Attendu que Mme Helbling-Wyss a non seulement utilisé sans droit la marque Canteperdrix, mais encore a, d'une part, délibérément méconnu les obligations qu'elle avait souscrites aux termes d'un protocole d'accord qui lui lui était pourtant favorable, et d'autre part, tout aussi opiniâtrement, persisté dans cette attitude téméraire en ne respectant pas les dispositions du jugement entrepris en dépit de son exécution provisoire ' dont elle n'a pas sollicité l'arrêt ' et qui lui a été signifié le 12 mai 2009 ;

Que la réparation forfaitairHté intimée sera fixée à la somme de 30 000 euros ;

Attendu, par ailleurs, que c'est à bon droit que le premier juge a interdit à Mme Helbling-Wyss de faire usage de la dénomination Canteperdrix ou Cave de Canteperdrix ou de toute dénomination similaire, sous astreinte de 200 euros par jour de retard ;

Que cette interdiction de cette dénomination « sous quelque forme que ce soit et à quelque titre que ce soit » inclut nécessairement le nom de domaine canteperdrix.com ;

Que, par ailleurs, il n'y a pas lieu de donner acte de ce qui est un droit, la société coopérative étant libre de solliciter la liquidation de l'astreinte fixée si les conditions lui en paraissent remplies ;

Attendu que sera également confirmée la mesure de publication de la décision ;

Attendu que l'appelante, qui succombe, sera condamnée à payer à la société coopérative intimée la somme de 5 000 euros au titre de l'article 700 du code de procédure civile, verra sa propre demande de ce chef rejetée et supportera les dépens d'appel ;

PAR CES MOTIFS

,

La cour, statuant publiquement et contradictoirement,

Confirme le jugement entrepris, sauf quant au montant des dommages et intérêts alloués à la société coopérative agricole Cave de Canteperdrix.

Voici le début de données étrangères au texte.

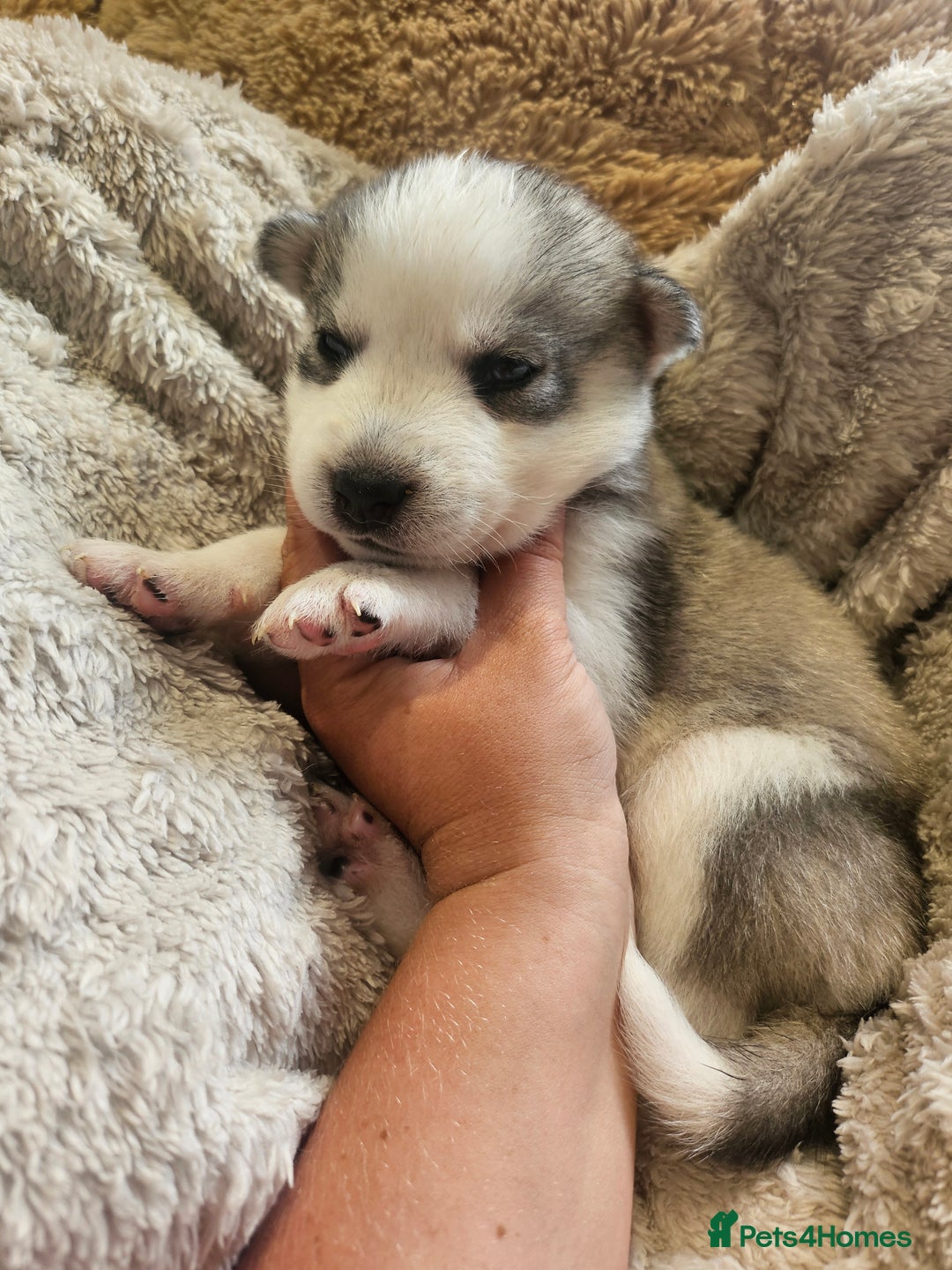 Siberian Husky dogs for sale: BEAUTIFUL SIBERIAN HUSKIES  - Image 3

L'infirmant de ce seul chef, statuant à nouveau et y ajoutant,

Condamne l'appelante à payer à la société intimée la somme de trente mille euros (30 000) à titre de dommages et intérêts. Condamne l'appelante à payer à la société intimée la somme de cinq mille euros (5 000) en application de l'article 700 du code de procédure civile.

Déboute l'appelante de sa demande fondée sur l'article 700 du code de procédure civile.

Condamne l'appelante aux dépens d'appel, et autorise la S.C.P. Argellies -Watremet, avoués, à en recouvrer le montant aux forme et condition de l'article 699 du code de procédure civile.